Question

If \( \mathbf{a} = \mathbf{i} + \mathbf{j} + \mathbf{k}, \mathbf{b} = \mathbf{i} + 3\mathbf{j} + 5\mathbf{k}, \) and \( \mathbf{c} = 7\mathbf{i} + 9\mathbf{j} + 11\mathbf{k} \), then the area of the parallelogram having diagonals \( \mathbf{a} + \mathbf{b} \) and \( \mathbf{b} + \mathbf{c} \) is:

• A. \( 4\sqrt{6} \) sq. units
• B. \( \frac{1}{2} \sqrt{21} \) sq. units
• C. \( \frac{\sqrt{6}}{2} \) sq. units
• D. \( \sqrt{6} \) sq. units

Hint:

To find the area of a parallelogram with given diagonals, use the cross product of the vectors corresponding to the diagonals and compute its magnitude.

Answer 1

The Correct Option is A

Step 1: Understanding the problem.
We are given the vectors \( \mathbf{a}, \mathbf{b}, \mathbf{c} \), and we need to find the area of a parallelogram formed by the diagonals \( \mathbf{a} + \mathbf{b} \) and \( \mathbf{b} + \mathbf{c} \).
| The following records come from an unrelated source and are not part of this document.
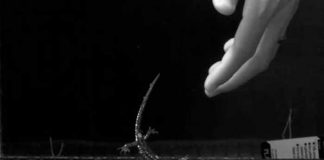 Salamandra "paracaidista", el descubrimiento más reciente
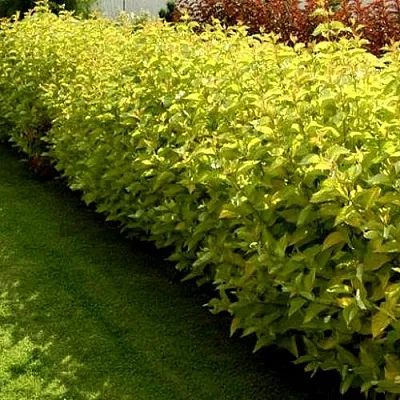 Комплект ДАРТС ГОЛД в Улан-Удэ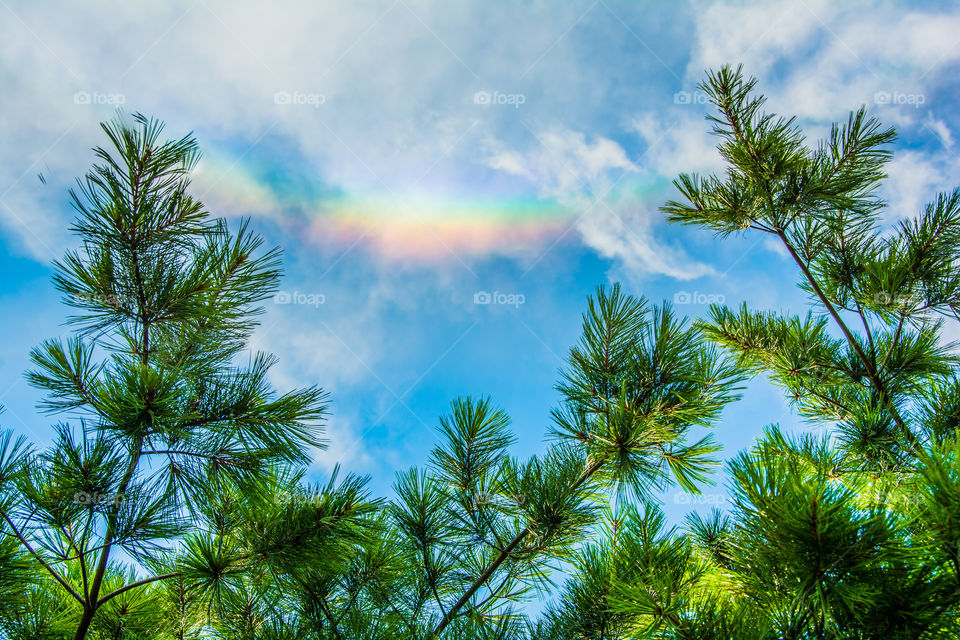 Pine tree, pine leaves with rainbow background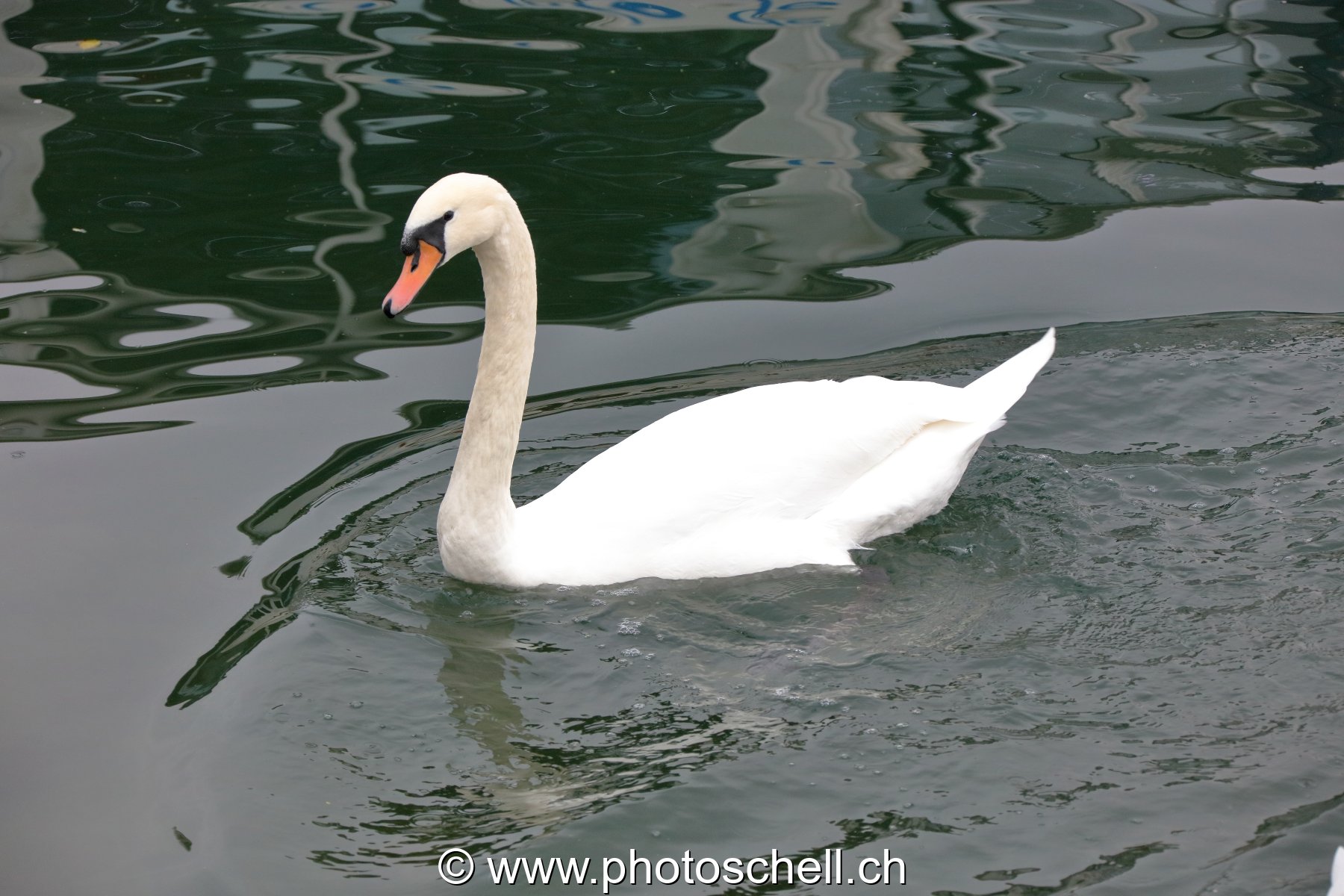 Cygne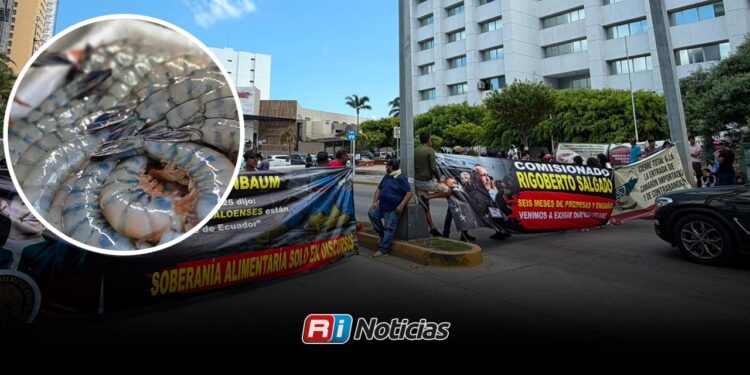 Acuacultores exigen cierre de fronteras al camarón importado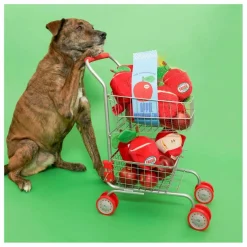 The Furry Folks Jouet de fouille Apple || Accessoires Animaux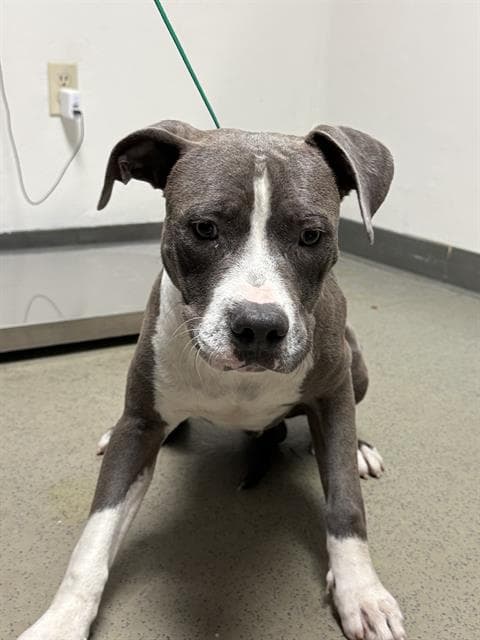 Blue - Pit Bull Terrier
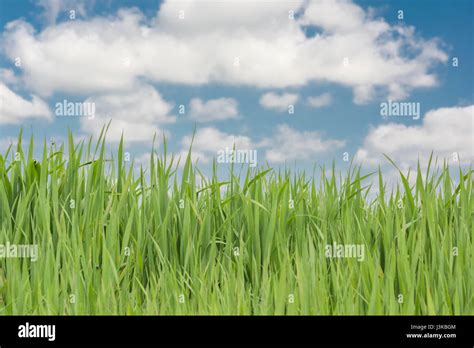 Fresh Green Grass Shoots Blue Sky Metaphor For Grass Sayings Don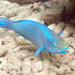 Queen Parrotfish - Photo (c) Tom Murray, some rights reserved (CC BY-NC), uploaded by Tom Murray
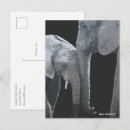 Suche nach elefant liebe postkarten Für sie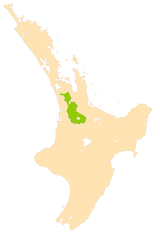 NZ-Waikato P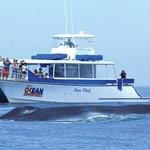 Dana Wharf Sportfishing & Whale Watching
The formula for the area of a parallelogram formed by two vectors \( \mathbf{u} \) and \( \mathbf{v} \) is given by: \[ \text{Area} = \left| \mathbf{u} \times \mathbf{v} \right|. \] Here, the vectors are \( \mathbf{u} = \mathbf{a} + \mathbf{b} \) and \( \mathbf{v} = \mathbf{b} + \mathbf{c} \).
Step 2: Calculating the cross product.
First, find the vectors \( \mathbf{u} \) and \( \mathbf{v} \): \[ \mathbf{u} = \mathbf{a} + \mathbf{b} = (1+1)\mathbf{i} + (1+3)\mathbf{j} + (1+5)\mathbf{k} = 2\mathbf{i} + 4\mathbf{j} + 6\mathbf{k}, \] \[ \mathbf{v} = \mathbf{b} + \mathbf{c} = (1+7)\mathbf{i} + (3+9)\mathbf{j} + (5+11)\mathbf{k} = 8\mathbf{i} + 12\mathbf{j} + 16\mathbf{k}. \] Now, compute the cross product \( \mathbf{u} \times \mathbf{v} \): \[ \mathbf{u} \times \mathbf{v} = \begin{vmatrix} \mathbf{i} & \mathbf{j} & \mathbf{k} \\ 2 & 4 & 6 \\ 8 & 12 & 16 \end{vmatrix}. \] Expanding the determinant: \[ \mathbf{u} \times \mathbf{v} = \mathbf{i} \begin{vmatrix} 4 & 6 \\ 12 & 16 \end{vmatrix} - \mathbf{j} \begin{vmatrix} 2 & 6 \\ 8 & 16 \end{vmatrix} + \mathbf{k} \begin{vmatrix} 2 & 4 \\ 8 & 12 \end{vmatrix}. \] \[ \mathbf{u} \times \mathbf{v} = \mathbf{i} \left( 4(16) - 6(12) \right) - \mathbf{j} \left( 2(16) - 6(8) \right) + \mathbf{k} \left( 2(12) - 4(8) \right), \] \[ \mathbf{u} \times \mathbf{v} = \mathbf{i} (64 - 72) - \mathbf{j} (32 - 48) + \mathbf{k} (24 - 32), \] \[ \mathbf{u} \times \mathbf{v} = -8\mathbf{i} + 16\mathbf{j} - 8\mathbf{k}. \]
Step 3: Finding the magnitude of the cross product.
Now, calculate the magnitude of \( \mathbf{u} \times \mathbf{v} \): \[ \left| \mathbf{u} \times \mathbf{v} \right| = \sqrt{(-8)^2 + 16^2 + (-8)^2} = \sqrt{64 + 256 + 64} = \sqrt{384} = 4\sqrt{6}. \]
Step 4: Conclusion.
Therefore, the area of the parallelogram is \( 4\sqrt{6} \) square units, and the correct answer is (a).